▸ **PROBLEM TO WORK ON**: Copy the listing as it is written, and leave each picture out.

▸ **COLLECTED DATA**:
++++++++++++++++++++
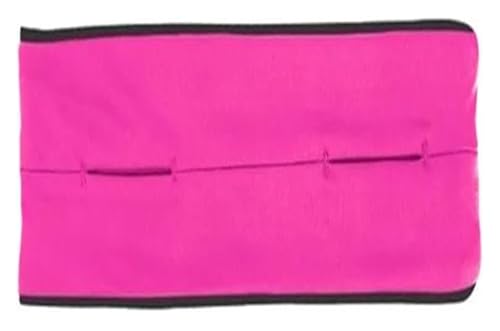 DXZXDJIU Multifunktionaler Hüftgürtel for Laufen for Damen und Herren – Tragbare Bauchtasche for Outdoor-Sport und Reisen(Hot Pink_XL) von DXZXDJIU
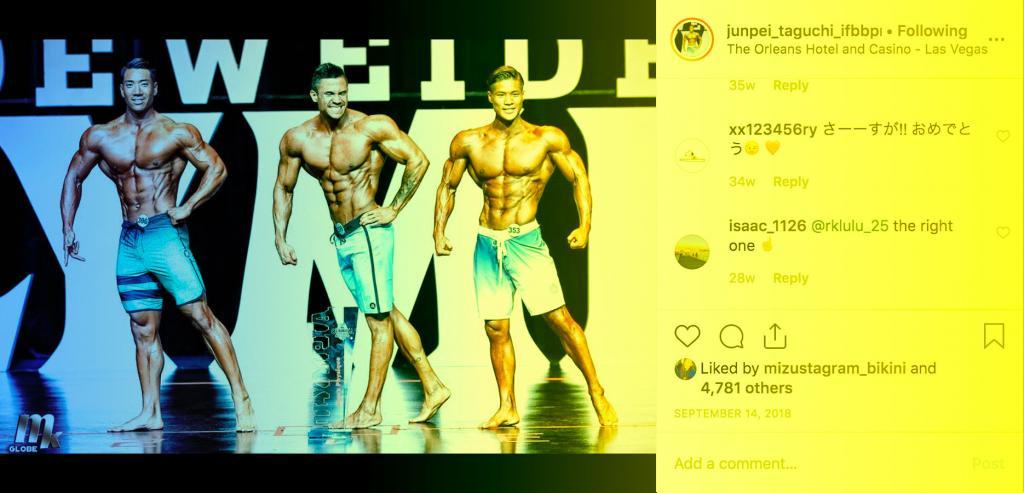 田口純平選手のInstagram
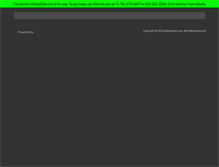 Tablet Screenshot of didmpdinfo.com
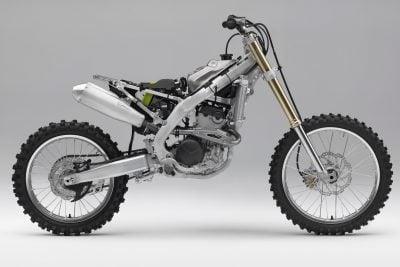 2018 Honda CRF250R frame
++++++++++++++++++++
▸ **ANSWER TO THIS PROBLEM**:
 DXZXDJIU Multifunktionaler Hüftgürtel for Laufen for Damen und Herren – Tragbare Bauchtasche for Outdoor-Sport und Reisen(Hot Pink_XL) von DXZXDJIU
 田口純平選手のInstagram
 Tablet Screenshot of didmpdinfo.com
 2018 Honda CRF250R frame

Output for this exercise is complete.